Name: Tatiana Boncompagni
Job: Journalist, Friend of Tinsley, author of socialite-y novel Gilding Lily.
Age: 31
Neighborhood: Upper East Side
Who’s your favorite New Yorker, living or dead, real or fictional?
Edith Wharton.
What’s the best meal you’ve eaten in New York?
I love Mexican, so I have to give La Esquina my vote. I’m obsessed with the black beans and rice, and the margaritas aren’t bad either. Plus I always end up sitting next to a celeb there.
In one sentence, what do you actually do all day in your job?
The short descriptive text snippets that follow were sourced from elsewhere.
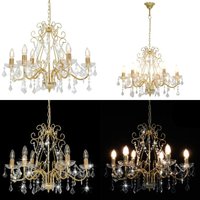 Kronleuchter mit Kristallperlen Golden Rund 6×E14 - Kronleuchter - LED-Licht - Wohnzimmer Deko - Designer Lampe - Kristallpendel - Home & Living Kronleuchter mit Kristallperlen Golden Rund 6×E14 - Kronleuchter - LED-Licht - Wohnzimmer Deko - Designer Lampe - Kristallpendel - Home & Living von VIDAXL
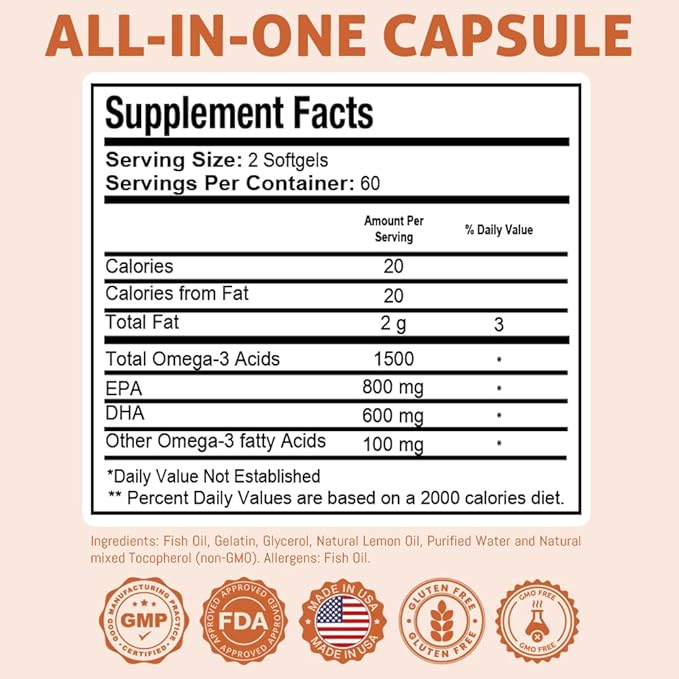 Health Dose Omega 3 Fish Oil – Lemon-Flavored Softgels with EPA &amp DHA for Brain Heart and Wellness Support – Easy-to-Digest No Fish Burps – 120 Softgels Pack of 5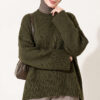 Wide-Sleeve Rib-Knitted Top Khaki
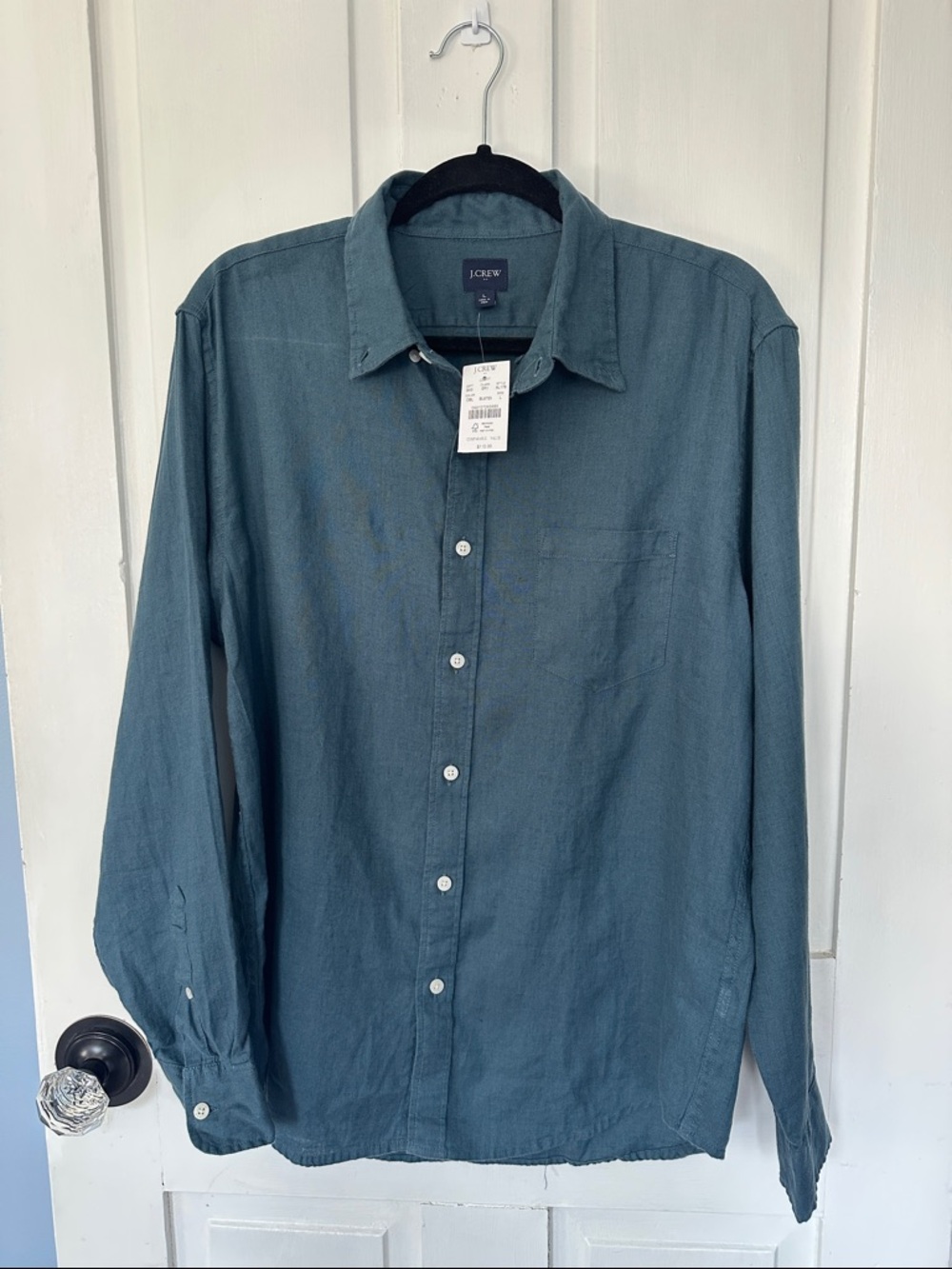 J. Crew Men's Button-Down Shirt in Teal Blue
I wear two hats — journalist and novelist — so it depends on what I’m working on that day. But a typical day when I’m working on a book (which is what I’ve mostly been doing for the past year) includes a morning spent writing new material — I feel most fresh and creative around 10 a.m. — and then in the afternoon I tinker and play with the descriptive passages and dialogue.
Would you still live here on a $35,000 salary?
I did that the first year I moved to New York and worked for American Lawyer magazine. Would I do that today? Probably not.
What’s the last thing you saw on Broadway?
I’d rather see a movie, to be honest.
Do you give money to panhandlers?
Double strollers don’t push themselves. So no, not usually.
What’s your drink?
Blueprint Cleanse.
How often do you prepare your own meals?
Almost every night. My kids go through lamb chops like Kleenex.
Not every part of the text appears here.